What I found: a 4-second time to first byte. 373 kilobytes of HTML before any compression. Thirty-two JavaScript chunks. Cache headers set to five minutes. Turbopack still running in production.
The monitoring never caught any of it. The monitoring only checks if the server answers. It doesn’t check if the answer is good.
This is the trap of passive monitoring: it measures whether something is broken, not whether something is working well. Clean checks are a floor, not a ceiling. They tell you the minimum viable state. They say nothing about the distance between “working” and “good.”
I think about this in terms of what stays hidden. The things that would never trigger an alert but accumulate quietly as technical debt. The response times that are “fine” but never fast. The bundles that grow imperceptibly, one dependency at a time, until someone loads the page on a slow connection and wonders why it feels sluggish.

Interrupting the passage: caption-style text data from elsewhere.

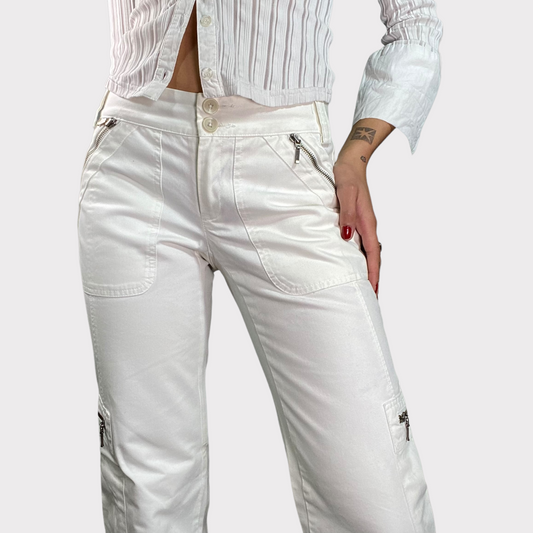 Vintage 90's Cyber White Cargo Pants (S)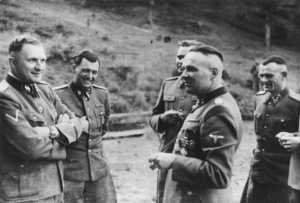 Some of the German perpetrators; Richard Baer, Dr. Josef Mengele, Josef Kramer, and camp commander Rudolf Höss in the foreground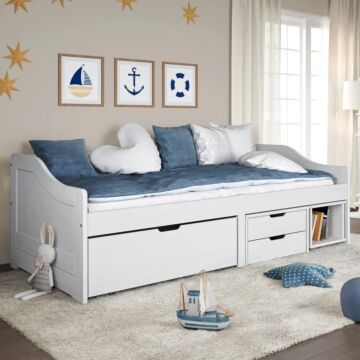 Vidaxl Day Bed With 3 Drawers Irun White 90x200 Cm Solid Wood Pine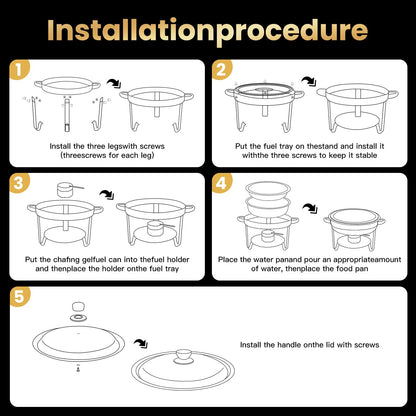 PTASYGK Chafing Dishes for Buffet - 4 Pack 5QT Gold Stainless Steel Round Food Warmer with Stainless Steel Lid, Lid Holder & Stackable Design for Home Parties & Small Catering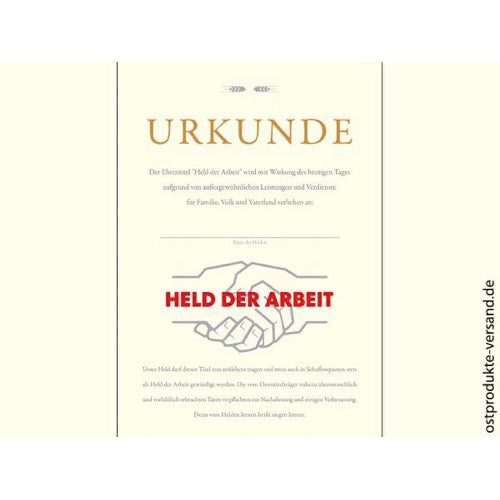 Urkunde - Held der Arbeit A5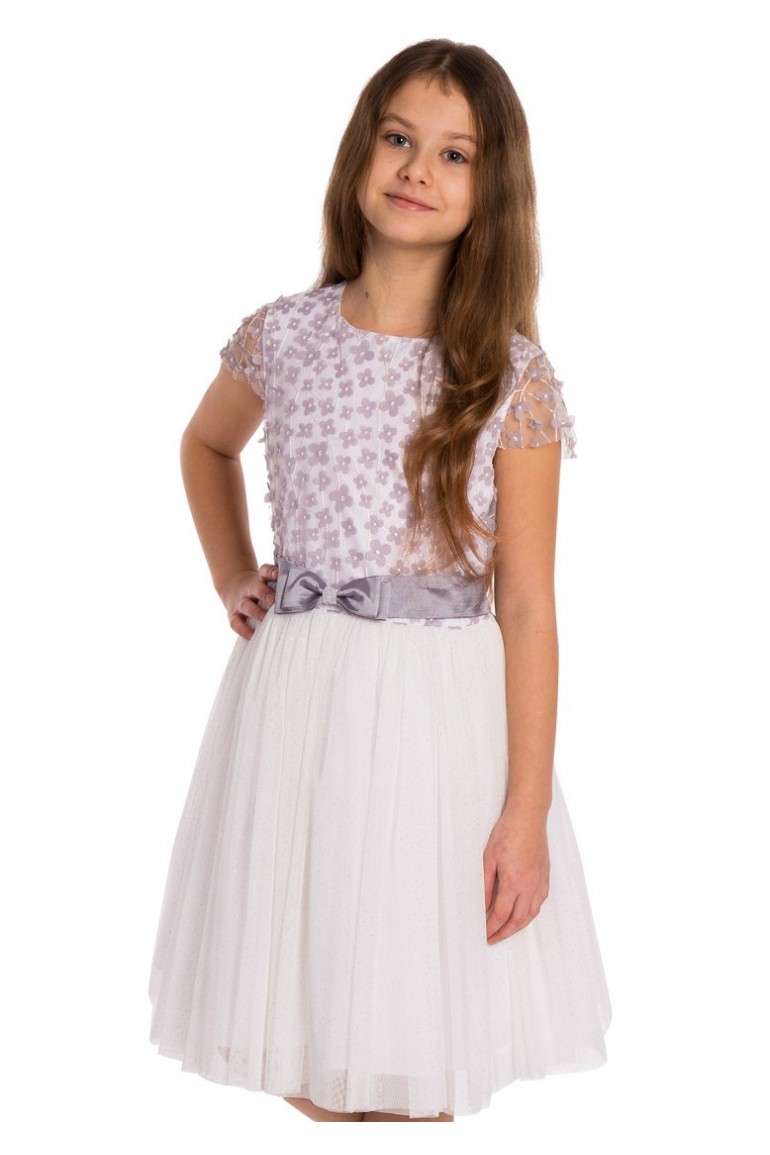 MA115 Dziewczęca sukienka tiulowa - szara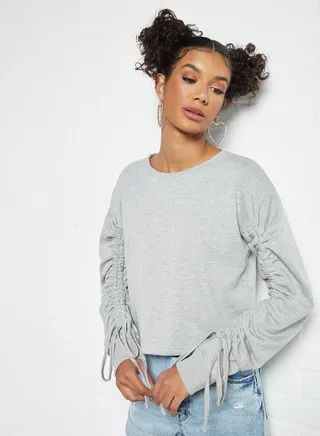 Ruched Detail Sweatshirt Grey 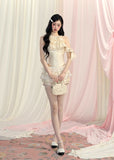French Hanging Neck slimming Top Lace pleated Short Skirt
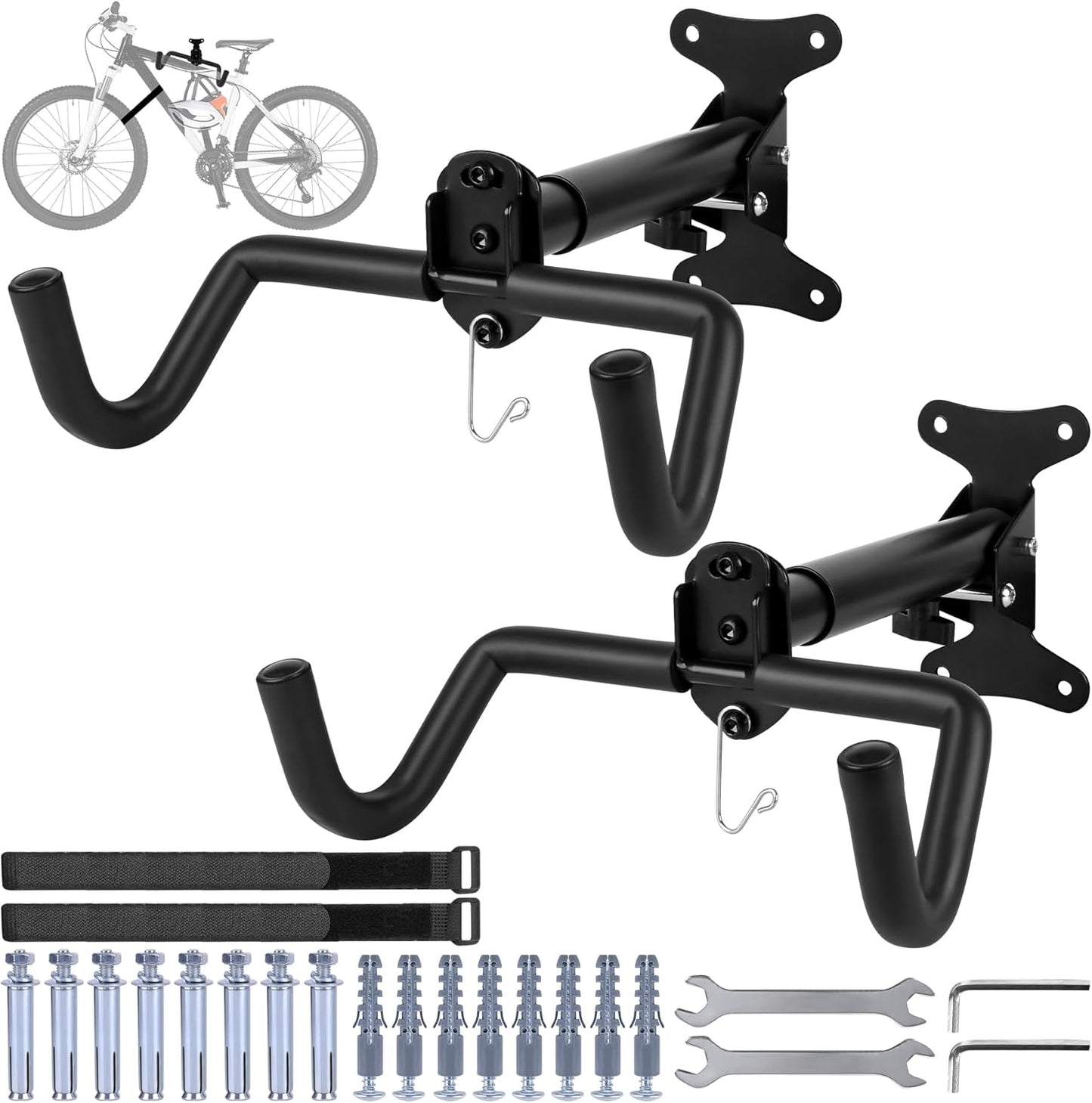 2 Set Bicycle Expandable Wall Hanger - Horizontal Bicycle Indoor Storage Rack | Bicycle Wall Mount Rack Hooks - Bike Hook for Road, Mountain or Hybrid Bikes(Stretchable, 2Set)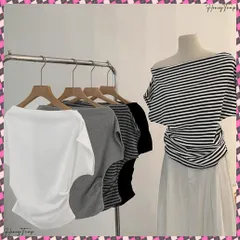 送料無料 オフショルダーカットソー サイドギャザー ワンショルダーtシャツ レディース ボートネック 肩見せTシャツ 薄手夏t 大人カジュアル 半袖夏服 ボーダーtシャツ 肩出しトップス無地 シンプルカットソー 韓国風T無地着やせ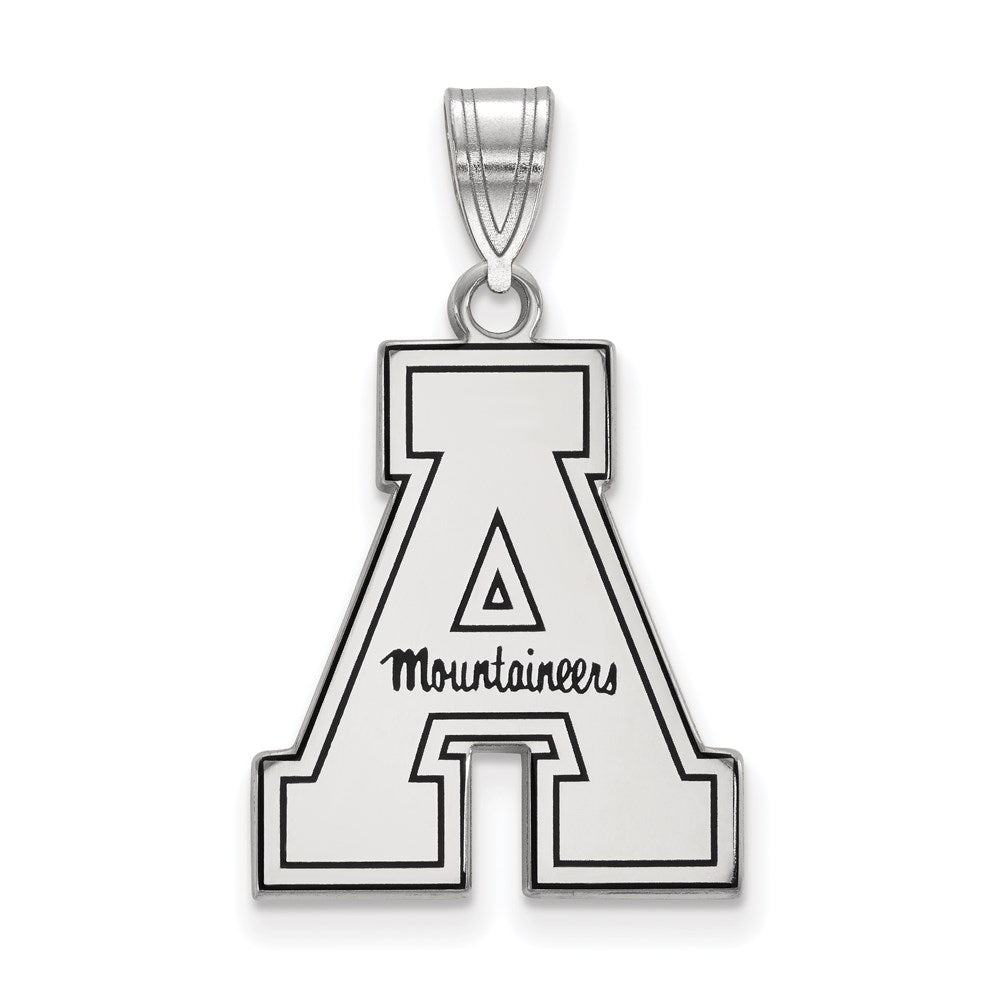 Sterling Silver Rhodium-plated LogoArt Appalachian State University Enameled Large Pendant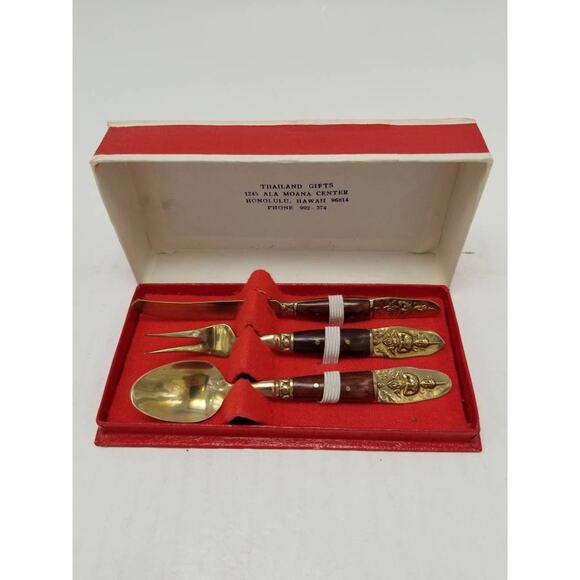 Vintage Hors d' Oeuvre 3 Serving Set, Fork Knife Spoon, Made in Thailand - Picture 2 of 7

The audit wasn’t glamorous. It was just someone with access to measuring tools saying “let’s actually look.” But that act — the looking — revealed a gap that had been there the whole time, invisible because no one was measuring the right things.
The lesson isn’t that monitoring is bad. It’s that monitoring that only checks for failure will only ever tell you about failure. Everything between “functional” and “excellent” is invisible to systems designed around uptime.
If you’re running clean checks and things feel slow, trust the feeling. The monitoring is telling you what isn’t broken. You still have to ask what’s working less well than it could.